Task to carry out. All of the data should be given again word for word, though the images are to be left out.

Collected data.

════════════════

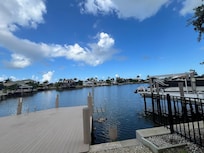 View of the dock overlooking the canal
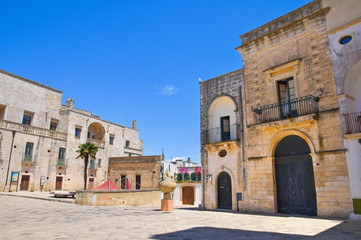 Fototapeta premium Alleyway. Specchia. Puglia. Italy.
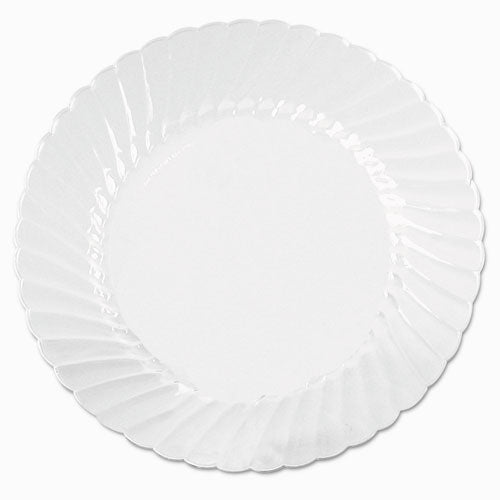 WNA wholesale. Classicware Plates, Plastic, 10.25 In, Clear, 18-bag, 8 Bag-carton. HSD Wholesale: Janitorial Supplies, Breakroom Supplies, Office Supplies.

════════════════

Answer section.
 View of the dock overlooking the canal
 Fototapeta premium Alleyway. Specchia. Puglia. Italy.
 WNA wholesale. Classicware Plates, Plastic, 10.25 In, Clear, 18-bag, 8 Bag-carton. HSD Wholesale: Janitorial Supplies, Breakroom Supplies, Office Supplies.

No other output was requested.